The dictionary definition of a mistake is a wrong action attributable to bad judgment, ignorance or inattention. Who hasn’t been guilty of lack of knowledge, lack of attention and lack of good judgment? No one, that’s for sure.
The fact that mistakes are inevitable should tell us something. God knows what He is doing. If He created humans with the capacity for making mistakes, then perhaps there is a method to His madness. He recognizes that making mistakes can be a positive thing in the long run.
Mistakes are prime opportunities for growth. Since we are bound to make them, we should make the most of the situation and figure out what we should learn from our mistakes. Henry Ford commented that “The only real mistake is the one from which we learn nothing.” We should view mistakes as opportunities in disguise. If we admit we’ve messed up, then we have the chance to analyze what we did and determine how to do better–or at least not make the same mistake again–in the future.
Of course, in the heat of the moment when a mistake is made, it is hard to feel good about having made it. But taking time to reflect on the error, allows us to formulate a better plan for future action. Let’s consider some of the blunders I have made and what I have learned from them.
As a teen, I made a big relationship mistake. I was dating two guys who had names that rhymed. Let’s call them Dan and Stan to protect their privacy. My mistake was not dating guys with similar names; my mistake was a slip of the tongue. Imagine a nice romantic goodnight kiss on my front doorstep. I murmur, “Good night, Dan.” Only I wasn’t with Dan. I was kissing Stan. Oops! Good thing it was fairly dark so my red face was not too noticeable. Lesson learned? Always engage your brain before opening your mouth. Words matter, and carelessly said words can hurt even if that was not the intention.
But, of course, I grew up and became a responsible, educated adult. So, no more mistakes, right? Wrong! One night after work I was trying to get a number of domestic tasks accomplished. I hurriedly entered the amount of the bill I was paying online and did not double check what I had done. Fast forward a couple weeks to when I got my next bill from that creditor; it indicated I had paid $3,000.00 for a $30.00 bill. Yikes! On the bright side, I was in the black and had the money in my checking account so that my check did not bounce. I then wasted a good half hour on the phone getting the mistake straightened out. Lesson learned? Pay attention to detail.

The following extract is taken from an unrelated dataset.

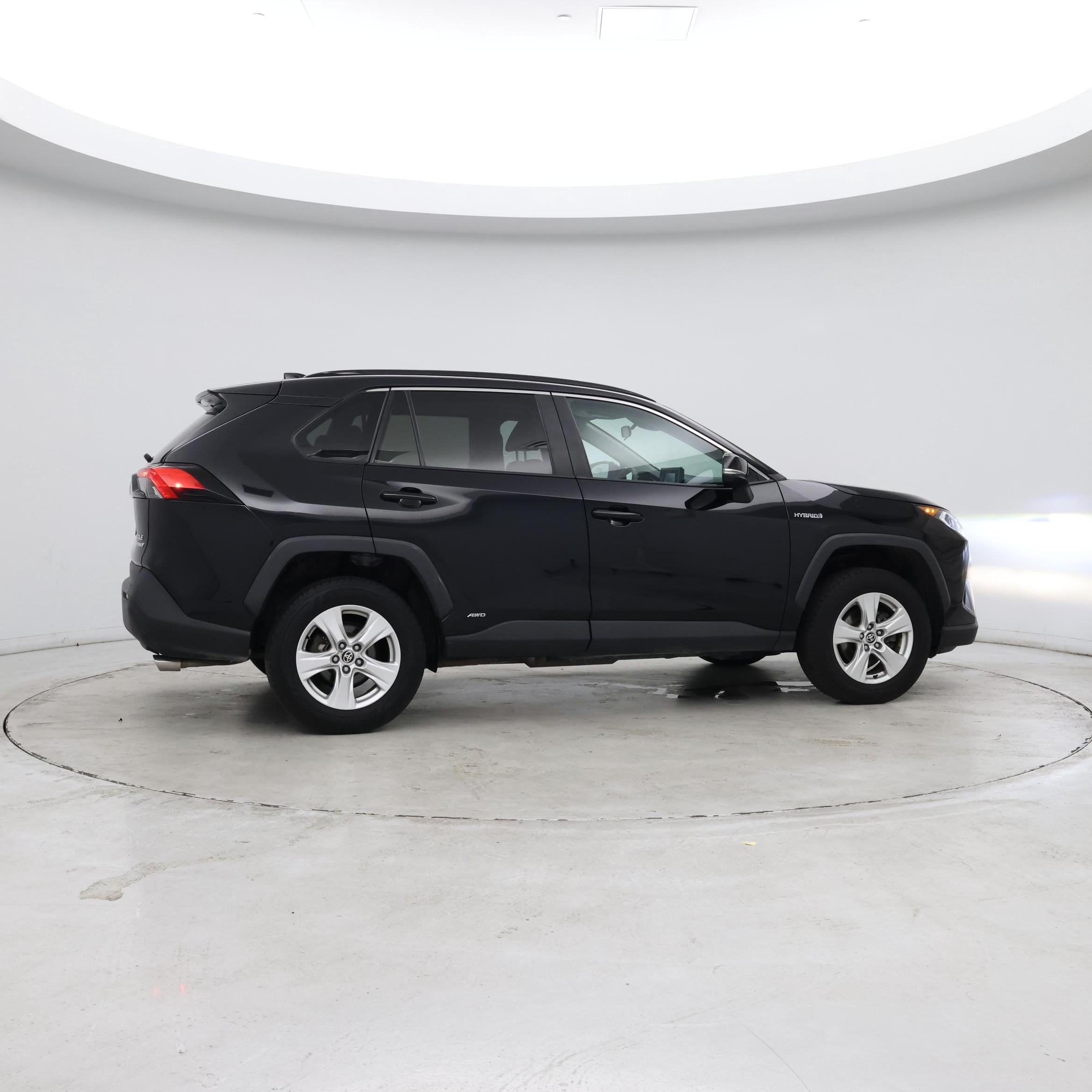 Thumbnail: 2021 Toyota RAV4 - 8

Ever tried to memorize something? Sometimes it sticks; sometimes it doesn’t. Making a mistake can be just the thing to ensure that you will remember something. In elementary school I misspelled the word “catalog” in a spelling bee and was eliminated from the competition as a result. To this day I have NEVER forgotten how to spell that word. As a new lawyer, I gave a wrong answer to a question on a federal bar exam. I can’t tell you what else was on the exam, but I have NEVER forgotten that there is a time limit for filing a suggestion of death with the court. Lesson learned? Committing some mistakes makes such an impression that we won’t ever make that mistake again or forget what we learned.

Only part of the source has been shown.